# TASK INSTRUCTIONS
In the records below, find the line that contains "Long White Chiffon Invitation Dress ABU1729" and the line that contains "Modified LED Headlight", then retype exactly those two lines and every line between them.

[Records from a dataset]

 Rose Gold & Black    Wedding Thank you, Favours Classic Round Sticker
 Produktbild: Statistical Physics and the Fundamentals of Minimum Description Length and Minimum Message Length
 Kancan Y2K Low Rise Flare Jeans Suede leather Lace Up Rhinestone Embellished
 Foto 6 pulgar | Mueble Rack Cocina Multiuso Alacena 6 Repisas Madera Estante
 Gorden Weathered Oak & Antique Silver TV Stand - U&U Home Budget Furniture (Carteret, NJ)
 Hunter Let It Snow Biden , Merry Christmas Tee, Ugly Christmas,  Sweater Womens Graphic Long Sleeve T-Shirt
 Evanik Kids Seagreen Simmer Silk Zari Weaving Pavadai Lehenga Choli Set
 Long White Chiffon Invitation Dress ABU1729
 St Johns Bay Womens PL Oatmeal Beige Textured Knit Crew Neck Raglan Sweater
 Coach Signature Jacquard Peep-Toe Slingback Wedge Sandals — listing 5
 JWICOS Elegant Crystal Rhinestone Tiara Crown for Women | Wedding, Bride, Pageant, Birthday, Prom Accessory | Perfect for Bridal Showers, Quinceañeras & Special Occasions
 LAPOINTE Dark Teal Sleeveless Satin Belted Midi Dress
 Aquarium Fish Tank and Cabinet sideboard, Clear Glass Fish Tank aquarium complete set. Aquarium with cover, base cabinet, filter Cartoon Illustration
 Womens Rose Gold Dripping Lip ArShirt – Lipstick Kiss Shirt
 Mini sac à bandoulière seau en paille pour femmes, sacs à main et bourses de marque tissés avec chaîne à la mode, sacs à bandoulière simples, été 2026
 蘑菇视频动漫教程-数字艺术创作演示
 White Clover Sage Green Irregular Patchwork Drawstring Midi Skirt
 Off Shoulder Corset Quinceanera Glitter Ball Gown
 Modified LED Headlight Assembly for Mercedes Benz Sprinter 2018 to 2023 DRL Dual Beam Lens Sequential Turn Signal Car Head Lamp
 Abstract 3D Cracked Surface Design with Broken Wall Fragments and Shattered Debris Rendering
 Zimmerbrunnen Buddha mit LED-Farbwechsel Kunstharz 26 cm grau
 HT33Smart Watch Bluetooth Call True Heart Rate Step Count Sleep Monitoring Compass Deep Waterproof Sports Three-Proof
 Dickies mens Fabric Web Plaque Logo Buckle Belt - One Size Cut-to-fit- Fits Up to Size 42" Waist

# RESULT OF THIS TASK
 Long White Chiffon Invitation Dress ABU1729
 St Johns Bay Womens PL Oatmeal Beige Textured Knit Crew Neck Raglan Sweater
 Coach Signature Jacquard Peep-Toe Slingback Wedge Sandals — listing 5
 JWICOS Elegant Crystal Rhinestone Tiara Crown for Women | Wedding, Bride, Pageant, Birthday, Prom Accessory | Perfect for Bridal Showers, Quinceañeras & Special Occasions
 LAPOINTE Dark Teal Sleeveless Satin Belted Midi Dress
 Aquarium Fish Tank and Cabinet sideboard, Clear Glass Fish Tank aquarium complete set. Aquarium with cover, base cabinet, filter Cartoon Illustration
 Womens Rose Gold Dripping Lip ArShirt – Lipstick Kiss Shirt
 Mini sac à bandoulière seau en paille pour femmes, sacs à main et bourses de marque tissés avec chaîne à la mode, sacs à bandoulière simples, été 2026
 蘑菇视频动漫教程-数字艺术创作演示
 White Clover Sage Green Irregular Patchwork Drawstring Midi Skirt
 Off Shoulder Corset Quinceanera Glitter Ball Gown
 Modified LED Headlight Assembly for Mercedes Benz Sprinter 2018 to 2023 DRL Dual Beam Lens Sequential Turn Signal Car Head Lamp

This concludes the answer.